Raising money, several aides said, appeared to be the only thing Gottheimer genuinely cared about.

Most of the former aides I talked to brought up, unprompted, the coverage of how Sen. Amy Klobuchar, D-Minn., treats her own staff, saying that it all felt familiar — the shouting, the emotional manipulation, the chucking of office supplies, even down to what had become his catchphrases: “Are you out of your fucking mind?” and “Are you high?”

There’s so much more — anecdote after anecdote burst out of beaten-down aides, now mercifully moved on to new political gigs. Asked for comment on the details of the accounts put forward by Gottheimer’s former aides, his chief of staff, Ashley Lantz, responded with a statement: “Josh instills in his team a deep responsibility to work hard and deliver results for the people of the Fifth District, regardless of party. Team Gottheimer shares a tireless work ethic that’s solving real problems and we’re immensely proud of the work our entire team carries out for the residents of our District.” (Lantz started with Gottheimer in December 2018.)

Gottheimer finished the 2018 cycle with some $4 million stashed in his campaign account — money he declined to share with the party as it fought to take over the House, a sign that he has no interest in rising through the ranks of the lower chamber. That suggests he has his eye, as his staffers hinted to me, on one of the New Jersey Senate seats now held by Bob Menendez and Cory Booker.

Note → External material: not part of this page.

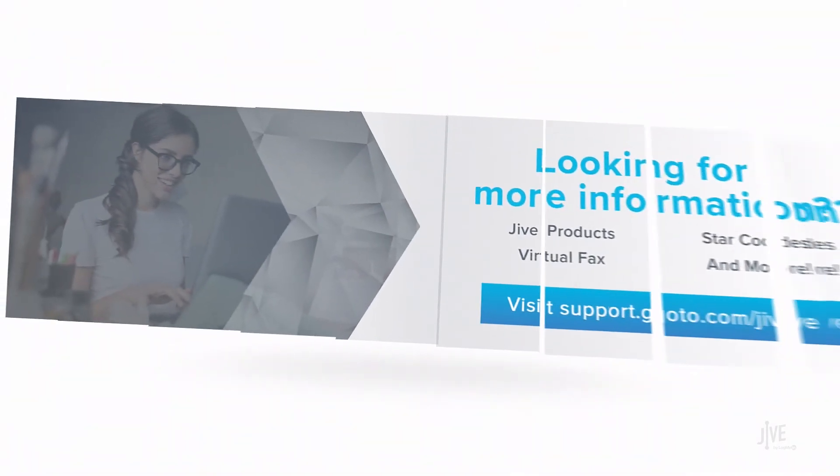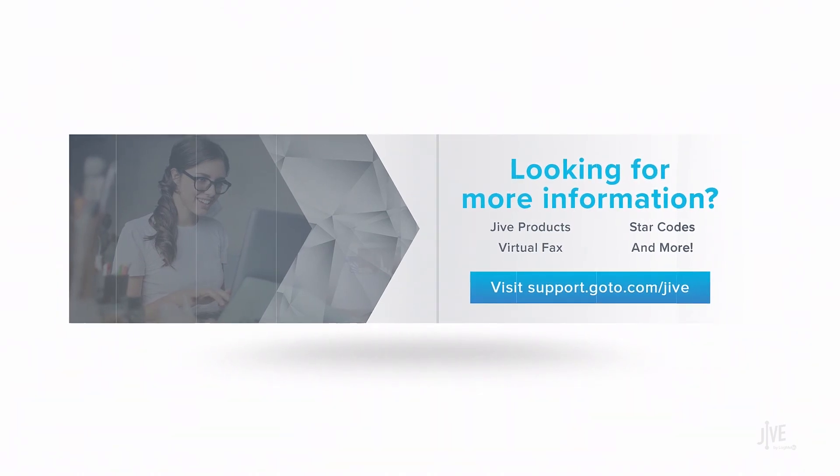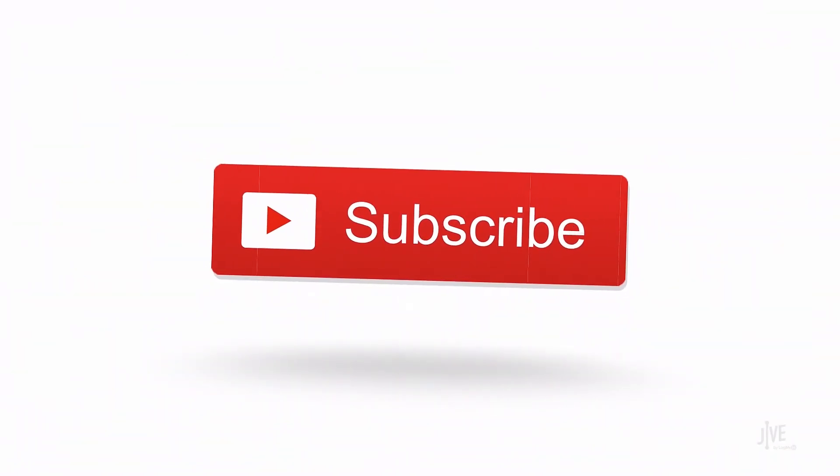If you have additional questions, please view our online documentation or contact our support team. We'd be glad to assist you. Don't forget to subscribe to our channel.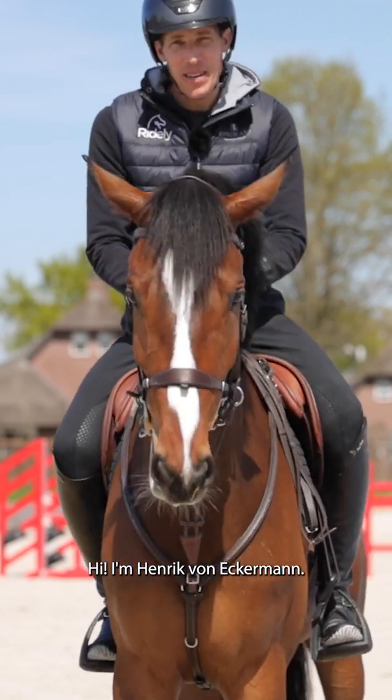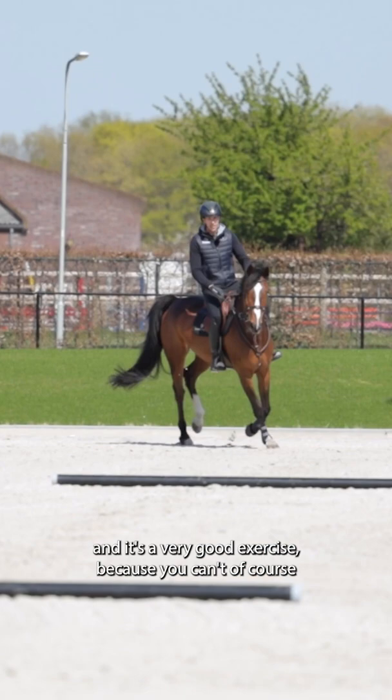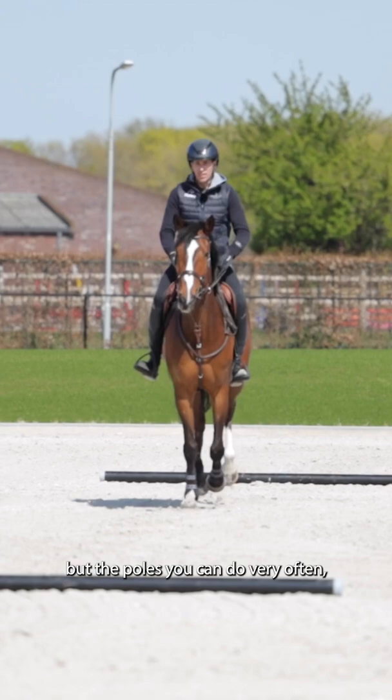Hi, I'm Henrik von Eckermann. Today we're going to work with some poles on the ground. It's a very good exercise because you can't jump your horses on big jumps all the time, but the poles you can do very often to train and to find a good rhythm and a good balance.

Norman was unable to find the financing to launch the Teaneck Independent as a weekly newspaper, and he retired. He’s now a member of the Teaneck Democratic club. After Gannet bought the Teaneck Suburbanite and consolidated it with other local papers, there is no paper solely reporting on the town of roughly 41,000. Now Norman is making artwork and building boats. Within a year, he hopes to finish a houseboat. “I don’t know how I ever found time to work for a living,” he said.

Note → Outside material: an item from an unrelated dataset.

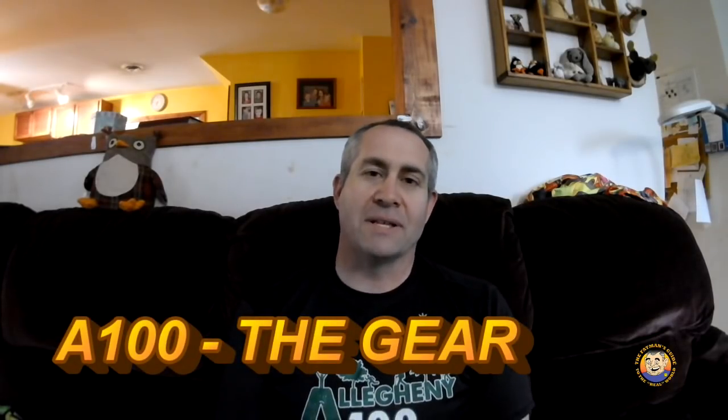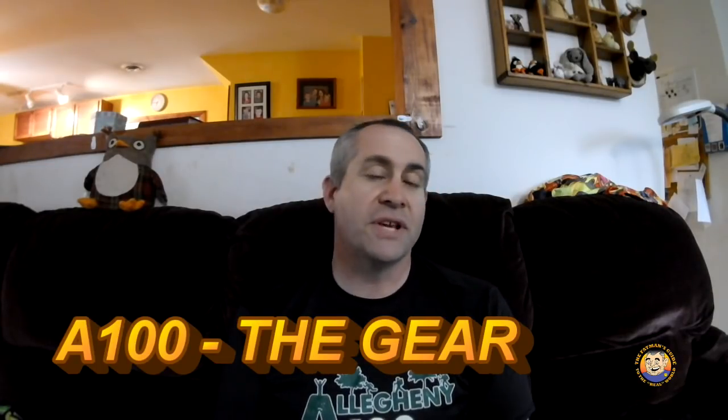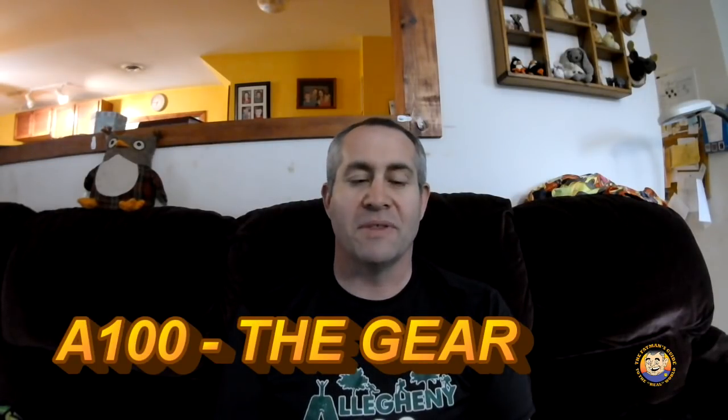Welcome to the Fat Man's Guide. Today we're going to be talking about the A100 — in particular, the equipment that is needed to be successful in this event. A lot of the things I do as far as equipment goes comes from failing at the A100 five times, going into my sixth attempt in the ten years that we've had the event.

Norman said that he thought he understood Gottheimer’s motivation to close the event off to the press. The New Jersey district Gottheimer represents was gerrymandered to be a Republican seat, and includes pockets of extreme wealth, rural strongholds, and liberal enclaves like Teaneck. Winning it in 2016 as a Democrat was a genuine political feat and holding it will require extreme political dexterity. “Control of the message is vitally important” to Gottheimer, so that he can balance these competing interests, said Norman. “I feel for him, but not by that much.”